* _Assignment_: Extract, exactly as written, each line from the start of the records below to the line containing "WAPRO Mag - domyślny", both ends included; drop the pictures.

Listed entries below:

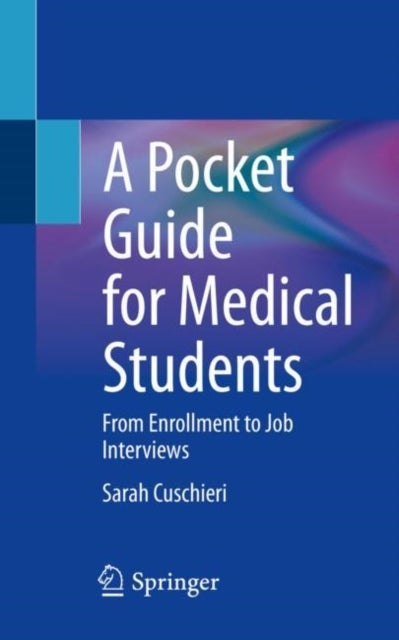 A Pocket Guide for Medical Students - From Enrollment to Job Interviews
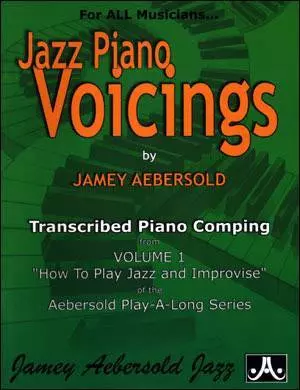 Aebersold - Jamey Aebersold Vol. # 1 - Jazz Piano Voicings, Jamie Aebersolds Comping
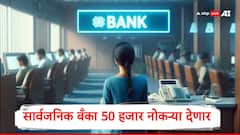 सरकारी बँकांमध्ये नोकरीची सुवर्णसंधी, वर्षभरात 50 हजार जागा भरण्याची शक्यता, सर्वाधिक जागा कोणती बँक भरणार?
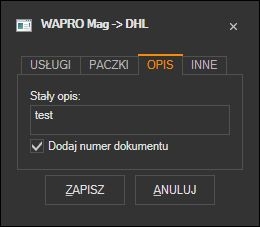 WAPRO Mag - domyślny opis przesyłki kuriera DHL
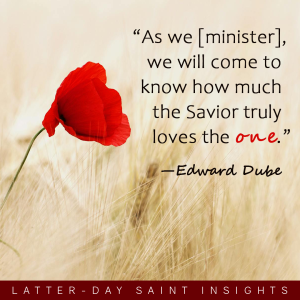 One red poppy in a white field. There is also a quote from Edward Dube that reads: "As we [minister], we will come to know how much the Savior truly loves the one." In this quote, the word "one" is in bright red while the rest of the text is black.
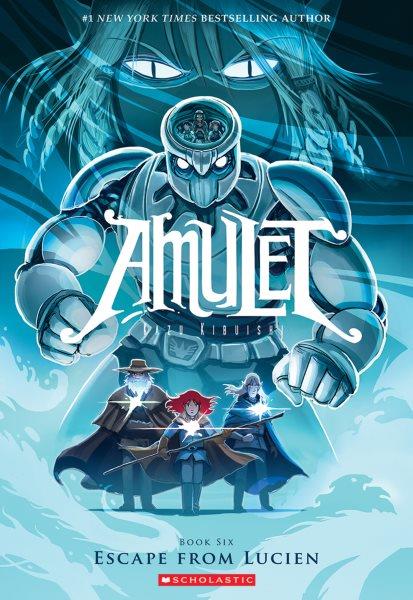 Amulet. Book six, Escape from Lucien / Kazu Kibuishi.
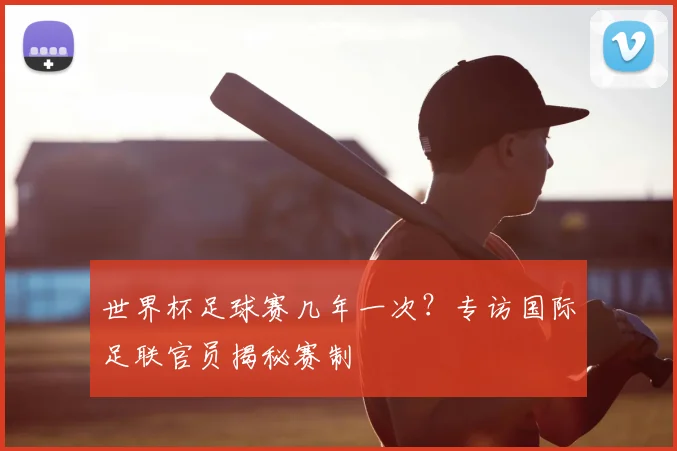 世界杯足球赛几年一次？专访国际足联官员揭秘赛制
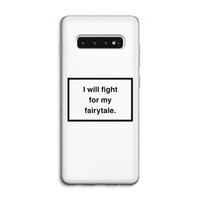 Fight for my fairytale: Samsung Galaxy S10 4G Transparant Hoesje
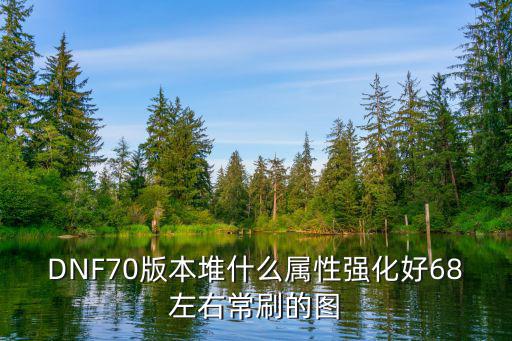 DNF70版本堆什么属性强化好68左右常刷的图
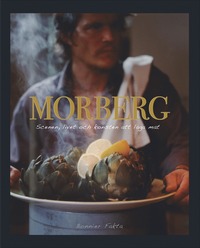 bokomslag Morberg : scenen, livet och konsten att laga mat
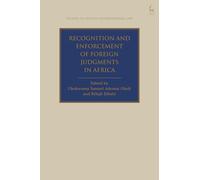 Recognition and Enforcement of Foreign Judgments in Africa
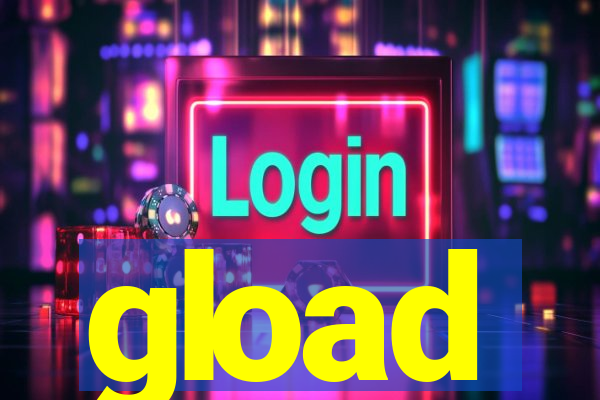 gload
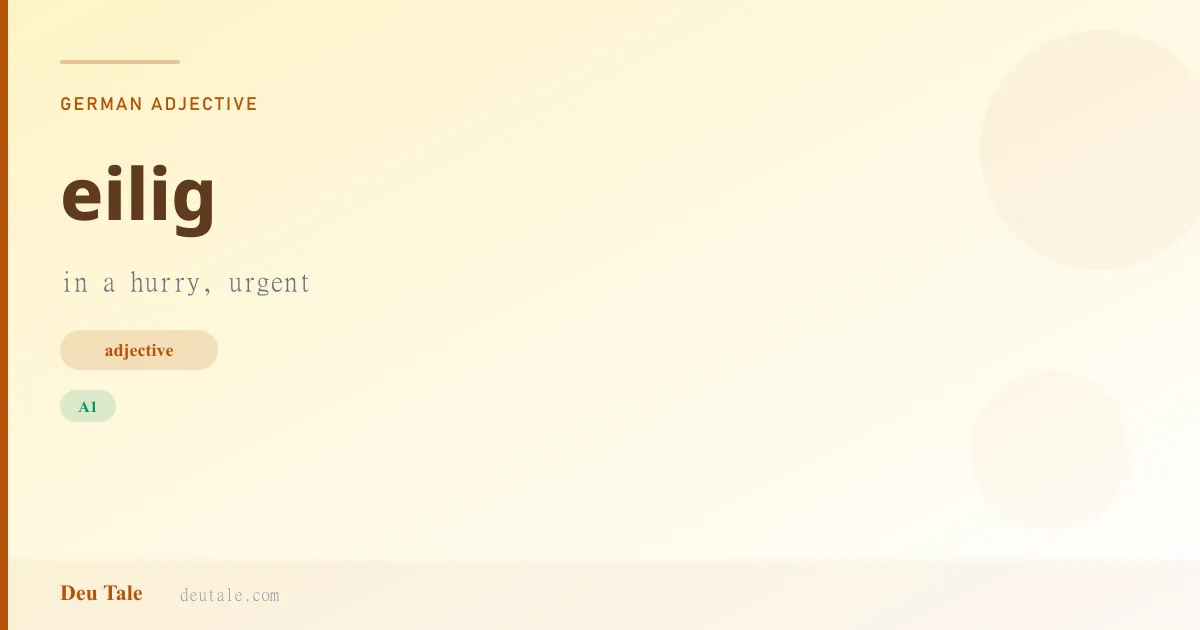 eilig — German adjective meaning in a hurry, urgent (A1)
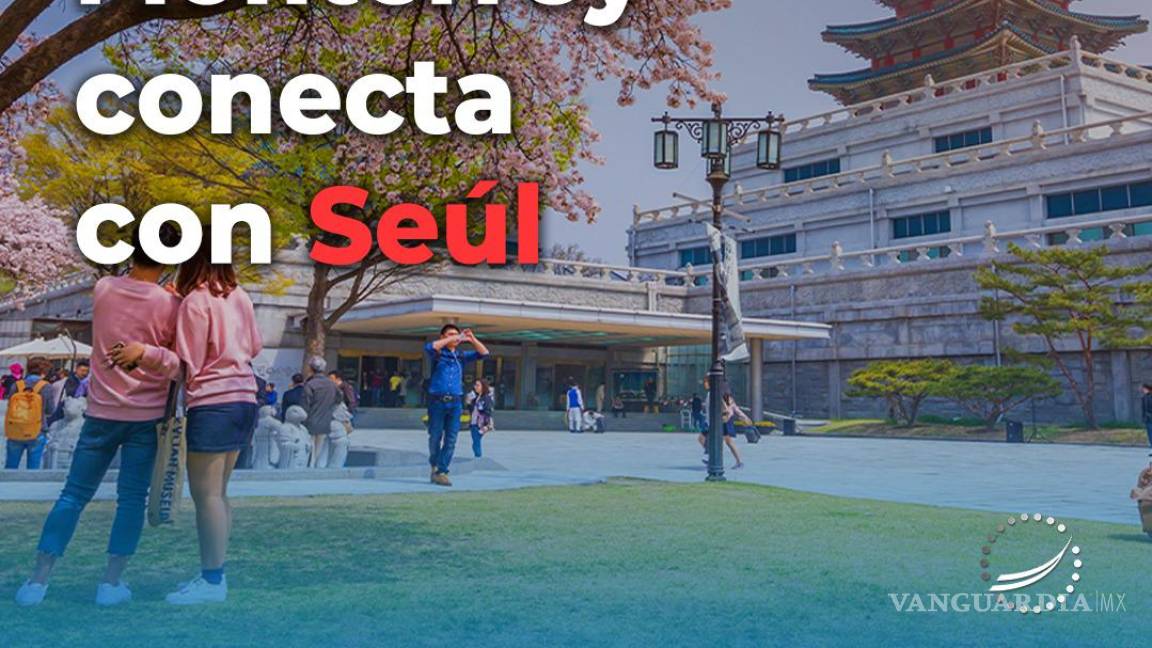 ¿Quieres volar a Seúl?; anuncian vuelo directo desde Monterrey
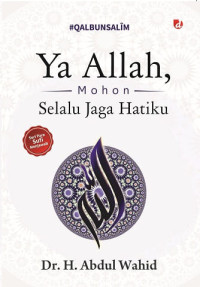 Ya Allah, Mohon Selalu Jaga Hatiku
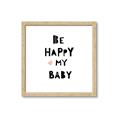 Picture of Be Happy my Baby _GroupedProduct_Square_Mini_ _GroupedProduct_Square_Framed_Matted_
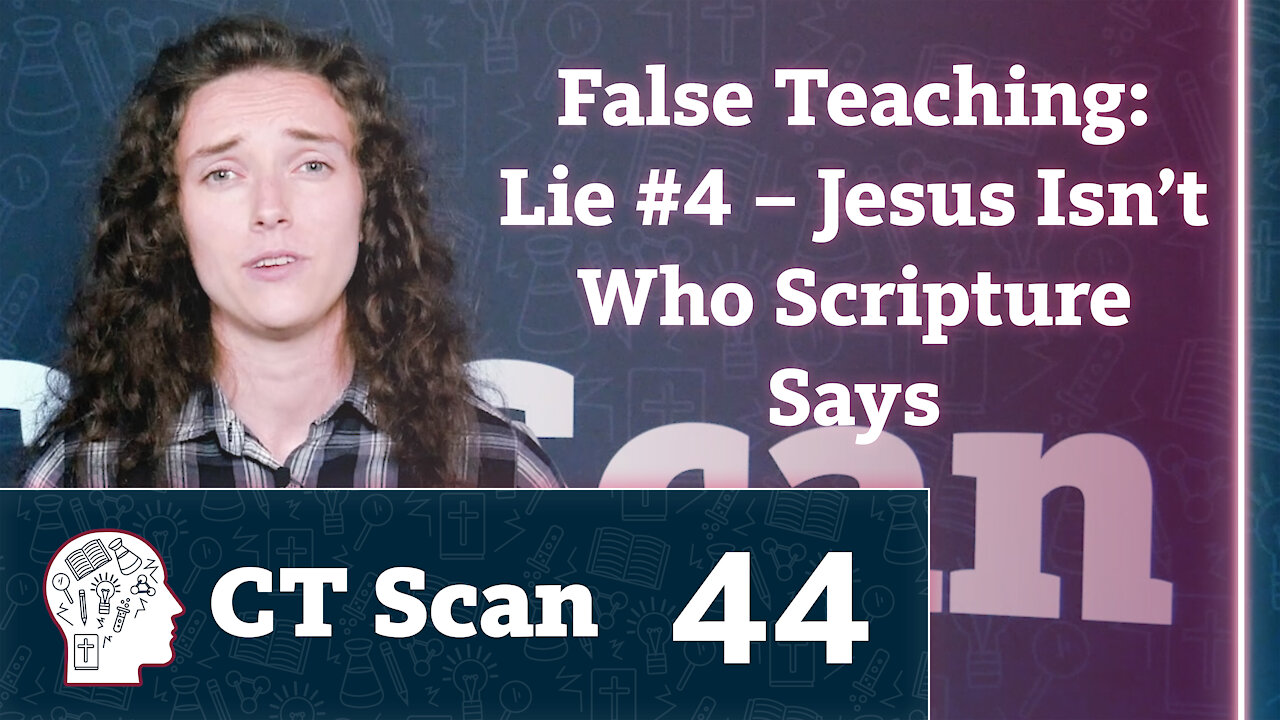 False Teaching: Lie 4 – Jesus Isn’t Who Scripture Says (CT Scan, Episode 44)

End of Listed entries.

* _Solved exercise_:
 A Pocket Guide for Medical Students - From Enrollment to Job Interviews
 Aebersold - Jamey Aebersold Vol. # 1 - Jazz Piano Voicings, Jamie Aebersolds Comping
 सरकारी बँकांमध्ये नोकरीची सुवर्णसंधी, वर्षभरात 50 हजार जागा भरण्याची शक्यता, सर्वाधिक जागा कोणती बँक भरणार?
 WAPRO Mag - domyślny opis przesyłki kuriera DHL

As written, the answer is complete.